**Source data**
┏━━

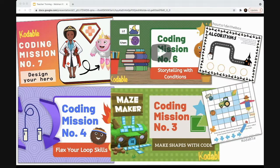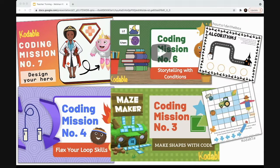You can use coding as a project-based application of the math concept of shapes. The green Coding Mission Number Three thumbnail on the screen is from a video we created where students create shapes using a coding program called Codeable. You're not necessarily teaching the coding concepts separately, but kids are getting familiar with code and seeing how it can be used as a tool to explore other subjects further.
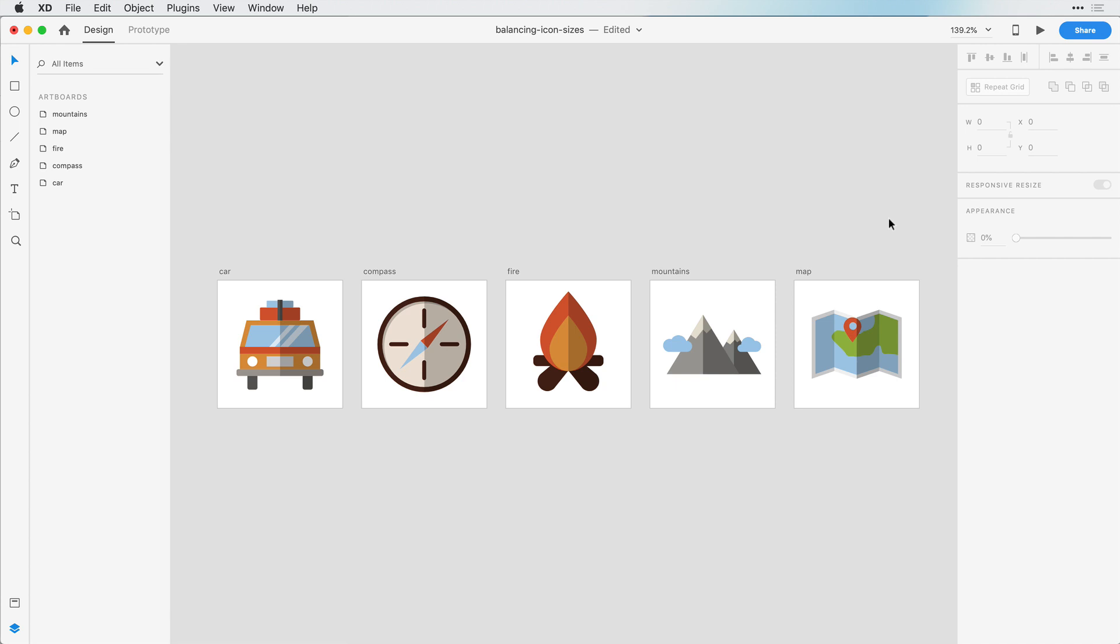This is where the judgment of our human eye needs to take control. It's important to look at these icons side by side and visually judge the proper balance. So let's do that now.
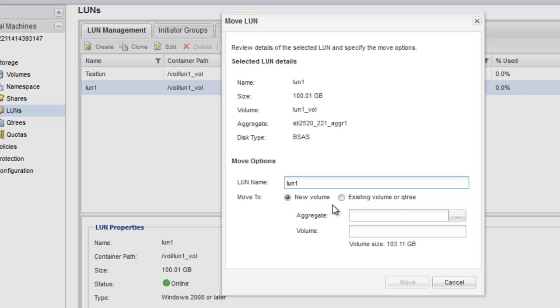You can move the LUN to an existing volume or Qtree, or you can move the LUN to a new volume.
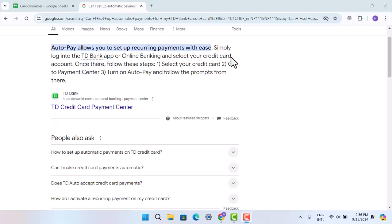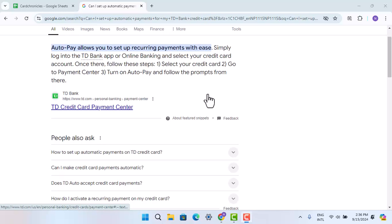You just have to follow the simple steps. Auto payment allows you to set up recurring payments with ease. Simply log into your TD Bank app or use online banking and select your credit card that you want to pay from.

┗━━

**What is needed**
Reproduce the data above word for word, but leave the images out.

**Written answer**
You can use coding as a project-based application of the math concept of shapes. The green Coding Mission Number Three thumbnail on the screen is from a video we created where students create shapes using a coding program called Codeable. You're not necessarily teaching the coding concepts separately, but kids are getting familiar with code and seeing how it can be used as a tool to explore other subjects further.
This is where the judgment of our human eye needs to take control. It's important to look at these icons side by side and visually judge the proper balance. So let's do that now.
You can move the LUN to an existing volume or Qtree, or you can move the LUN to a new volume.
You just have to follow the simple steps. Auto payment allows you to set up recurring payments with ease. Simply log into your TD Bank app or use online banking and select your credit card that you want to pay from.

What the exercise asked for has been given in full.